The Death Of Ruth Bader Ginsburg Means The Constitution Is On The Ballot

If Joe Biden wins the November election, Democrats will try to pack the Supreme Court—and that’s just for starters.
John Daniel Davidson
By

It didn’t take long after Ruth Bader Ginsburg’s death for the left to trot out arguments for packing the Supreme Court.

“If the Democrats are unable to block Trump’s nominee, there is but one choice should Joe Biden win the White House and the Democrats take back a majority in the Senate: pack the Supreme Court,” argued an article at The Nation. “If McConnell pushes through a nominee, President Biden should pack the court,” ran a headline at the Washington Post.

The New York Times’ Michelle Goldberg went further, arguing not only that Democrats should pack the court if Republicans manage to fill Ginsburg’s now-vacant seat, but that if they even try, “Outraged people should take to the streets en masse” in an effort to grind the Senate to a halt through civic unrest.

It’s not just hysterical columnists who are calling for a court-packing scheme if Biden wins. House Judiciary Chair Jerry Nadler endorsed the idea in a tweet on Saturday, as did former Obama Attorney General Eric Holder, Rep.
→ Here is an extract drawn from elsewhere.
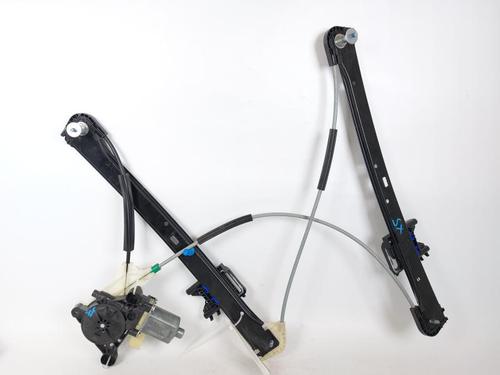 Used Front left window mechanism AUDI A3 Sportback (8VA, 8VF) 1.4 TFSI g-tron (110 hp) 15172464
Joe Kennedy III, and a host of other Democratic elected officials. House Speaker Nancy Pelosi and Senate Minority Leader Chuck Schumer both alluded to it. (Pelosi is also refusing to rule out a second impeachment of Trump to delay Senate efforts to confirm a Supreme Court justice.)

Take Them at Their Word

This isn’t just empty rhetoric, they mean it. And packing the court with at least two additional seats—one for Ginsburg and one for Merrick Garland, whom Democrats feel is entitled to a seat simply because President Obama nominated him—is just the beginning of what Democrats will try to do if Biden wins the election. Schemes are now afoot to pack the court, abolish the Senate filibuster, and grant statehood to Washington D.C. and Puerto Rico.

What all these moves have in common is that they would erode the constitutional mechanisms in place that Democrats see as impediments to their complete control over the levers of government power.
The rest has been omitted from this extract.